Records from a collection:
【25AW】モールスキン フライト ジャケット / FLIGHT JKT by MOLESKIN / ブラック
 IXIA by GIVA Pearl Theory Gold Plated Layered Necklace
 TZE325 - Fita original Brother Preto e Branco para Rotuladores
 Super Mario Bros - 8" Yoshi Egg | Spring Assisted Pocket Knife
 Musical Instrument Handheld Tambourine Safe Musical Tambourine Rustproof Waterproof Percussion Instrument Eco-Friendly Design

== Task item ==
An exact copy of the line containing "Super Mario Bros" and all lines after it, through the last line of the entries, is the required answer.

== Response for this exercise ==
 Super Mario Bros - 8" Yoshi Egg | Spring Assisted Pocket Knife
 Musical Instrument Handheld Tambourine Safe Musical Tambourine Rustproof Waterproof Percussion Instrument Eco-Friendly Design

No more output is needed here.